The column under the main connective (the third horseshoe from the left) has all “T’s” in it, so the proposition—known as Peirce’s Law—is both a self-consistent proposition and a tautology. (You will note that “x is a tautology” is the superaltern of “x is a self-consistent proposition”. See immediately below for the formal definition of “superaltern.”)

1.3. Comparing

There are nine interesting comparisons (i.e., logical relations) between or among propositions. Here they are, together with their formal definitions (let “X” and “Y” stand for propositions):

1) Logical implication (a.k.a. entailment). X logically implies Y iff it is logically impossible (hereafter “impossible”) for X to be true while Y is false.

2) Logical equivalence (a.k.a. bidirectional entailment).
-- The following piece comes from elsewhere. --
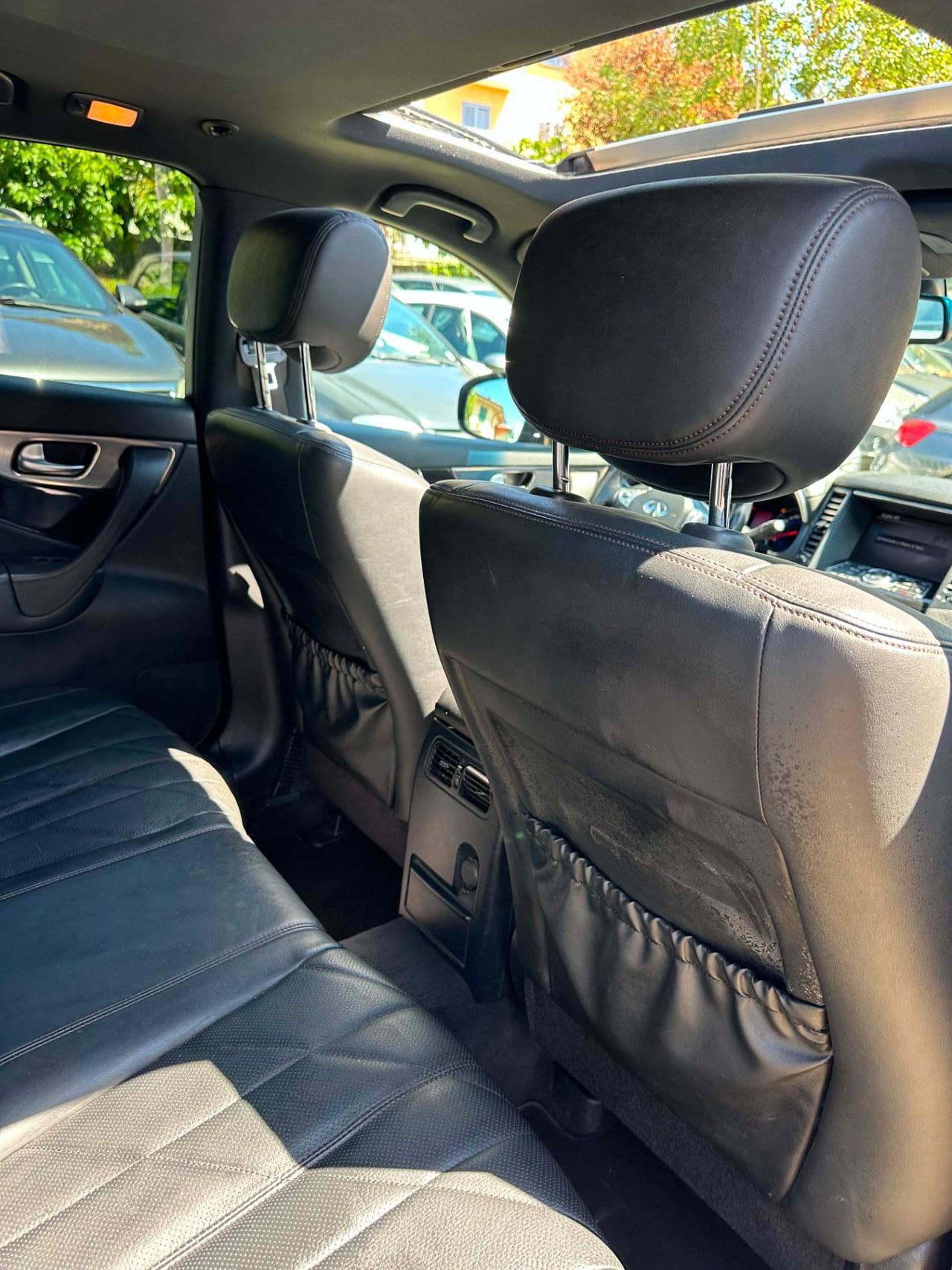 Infiniti FX30d S PREMIUM KMCERT UNICOPR GARANZ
X is logically equivalent to Y (i.e., X and Y are logically equivalent [to one another]) iff (1) it is impossible for X to be true while Y is false and (2) it is impossible for Y to be true while X is false. In other words, X logically implies Y and Y logically implies X.

3) Contradictoriness. X is the contradictory of Y (i.e., X and Y are contradictories [of one another]) iff (1) it is impossible for both X and Y to be true and (2) it is impossible for both X and Y to be false.

4) Contrariety. X is the contrary of Y (i.e., X and Y are contraries [of one another]) iff (1) it is impossible for both X and Y to be true and (2) it is logically possible (hereafter “possible”) for both X and Y to be false.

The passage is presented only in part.